Trump always crowns himself the hero of his lie about Arctic refuge oil
When Donald Trump adds a new lie to his act, he repeats it so often word for word that he probably is soon unaware that he is lying. Take for example, his favorite lie about the Arctic National Wildlife Refuge—that it contains more oil than Saudi Arabia.
He repeated his fairy tale while boasting with Elon Musk: “I got ANWR in Alaska approved. Ronald Reagan couldn’t do it. Nobody could do it. Everybody tried. Nobody could do it. I got it approved. The first thing that Biden did was unimprove it to get rid of it. He ended it. His secretary went in and she ended it. And what a disgrace. That’s ANWR. That’s bigger, or they think it could be bigger than Saudi Arabia in Alaska.”
Trump, who has long demonstrated that he has no idea what the letters in ANWR stand for, has been telling this lie in almost the identical way since 2017.
Congress had approved lease sales in 2017, largely because of Sen. Lisa Murkowski, but Trump immediately began to brag that he and he alone had achieved something that Reagan couldn’t accomplish. Inflating ANWR’s oil potential to exceed Saudi Arabia inflated Trump’s ego.
“I really didn’t care about it, and then when I heard that everybody wanted it, for 40 years they’ve been trying to get it approved, I said, ‘Make sure you don’t lose ANWR,’” Trump said in early 2018 at a GOP retreat.
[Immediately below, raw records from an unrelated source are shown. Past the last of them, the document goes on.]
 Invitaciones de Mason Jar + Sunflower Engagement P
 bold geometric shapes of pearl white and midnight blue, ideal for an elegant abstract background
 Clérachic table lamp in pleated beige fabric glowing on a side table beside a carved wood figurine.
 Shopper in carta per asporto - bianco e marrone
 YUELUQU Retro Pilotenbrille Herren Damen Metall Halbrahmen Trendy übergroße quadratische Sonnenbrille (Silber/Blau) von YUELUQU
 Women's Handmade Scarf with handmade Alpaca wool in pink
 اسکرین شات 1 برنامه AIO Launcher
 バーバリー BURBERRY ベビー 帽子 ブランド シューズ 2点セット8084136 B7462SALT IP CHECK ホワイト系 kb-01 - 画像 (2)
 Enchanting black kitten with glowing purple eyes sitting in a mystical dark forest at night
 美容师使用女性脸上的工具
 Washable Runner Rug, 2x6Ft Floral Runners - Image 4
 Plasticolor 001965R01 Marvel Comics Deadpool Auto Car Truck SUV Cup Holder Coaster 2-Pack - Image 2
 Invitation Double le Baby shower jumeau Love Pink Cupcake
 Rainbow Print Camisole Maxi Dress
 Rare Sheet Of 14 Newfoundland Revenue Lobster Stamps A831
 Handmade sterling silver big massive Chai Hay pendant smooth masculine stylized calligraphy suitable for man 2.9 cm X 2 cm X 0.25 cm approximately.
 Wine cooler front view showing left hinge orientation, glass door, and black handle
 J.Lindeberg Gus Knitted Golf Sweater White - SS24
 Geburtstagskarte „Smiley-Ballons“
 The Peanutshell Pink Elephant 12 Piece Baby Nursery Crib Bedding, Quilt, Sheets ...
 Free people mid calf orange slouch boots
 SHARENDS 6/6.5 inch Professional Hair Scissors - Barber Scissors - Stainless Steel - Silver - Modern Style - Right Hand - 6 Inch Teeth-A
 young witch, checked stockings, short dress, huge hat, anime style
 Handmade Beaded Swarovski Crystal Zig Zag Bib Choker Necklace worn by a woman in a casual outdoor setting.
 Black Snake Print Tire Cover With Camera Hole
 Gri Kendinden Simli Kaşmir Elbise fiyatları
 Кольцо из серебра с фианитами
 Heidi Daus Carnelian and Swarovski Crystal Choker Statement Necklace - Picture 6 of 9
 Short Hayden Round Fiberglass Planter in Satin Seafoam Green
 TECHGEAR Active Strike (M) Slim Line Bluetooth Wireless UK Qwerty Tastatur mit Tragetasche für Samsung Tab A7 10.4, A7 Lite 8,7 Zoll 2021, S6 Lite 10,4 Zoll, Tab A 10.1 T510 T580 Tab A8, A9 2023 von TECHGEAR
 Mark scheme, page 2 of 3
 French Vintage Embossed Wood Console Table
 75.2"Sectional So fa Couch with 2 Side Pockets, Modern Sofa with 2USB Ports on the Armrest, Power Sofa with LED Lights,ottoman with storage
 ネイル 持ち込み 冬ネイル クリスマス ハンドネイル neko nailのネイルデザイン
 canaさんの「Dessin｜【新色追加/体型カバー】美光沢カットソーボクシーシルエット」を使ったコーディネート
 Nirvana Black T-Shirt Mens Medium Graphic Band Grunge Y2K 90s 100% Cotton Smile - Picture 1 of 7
“A friend of mine called up who’s in that world and in that business and said, ‘Is it true that you think about ANWR?’ I said, ‘I think we’re going to get it, you know.’ He said, ‘Are you kidding? That’s the biggest thing, by itself.’ He said, ‘Ronald Reagan and every president has wanted to get ANWR approved.’”
(After that retreat Sen. Dan Sullivan told the Washington Post that Trump knew more about ANWR than he was letting on. The Post report on Feb. 1, 2018 said Sullivan countered Trump’s ANWR tale this way: "No, no, no, look," Sen. Dan Sullivan (R-Alaska) said in an interview after Trump's speech, recalling exactly how he and Sen. Lisa Murkowski (R) made their pitch. ‘We had the opportunity to brief the president last year. It was early, like February or March. Over an hour, in the Oval, you know, that's a lot of time.’"
With then-Interior Secretary Ryan Zinke also in “the Oval,” Sullivan and Murkowski went into detail with Trump, who already knew a lot about Alaska, according to Sullivan.
"It was maps, it was on his desk, Zinke was there. And it was all about Alaska, all about Alaska issues, all about our priorities. And we talked about ANWR," Sullivan said.
"He's been rock solid on this, ever since, ever since," Sullivan told the Post in 2018.)
The rock solid Trump never tells the story that way. It’s possible that he didn’t remember the maps he was shown in 2018, which is why he said a friend told him about ANWR.
On Dec. 17, 2017, the day that he signed the giant GOP tax cut, Trump first told the story about his alleged ANWR friend at a press conference attended by Sullivan, Sen. Lisa Murkowski, Rep. Don Young and other GOP members of Congress.
"We've been trying to get that passed, the whole country, the world,” said Trump, quoting his alleged friend. “They tried in Ronald Reagan, they tried with the Bushes, they tried with everybody. They never got ANWR.”
“But we got ANWR in this bill,” Trump said.
(Later, he began to lie that he didn’t want ANWR in the bill at all because Murkowski crossed him. “I didn’t want to get it approved because I thought that someone had treated me very badly, very badly.”)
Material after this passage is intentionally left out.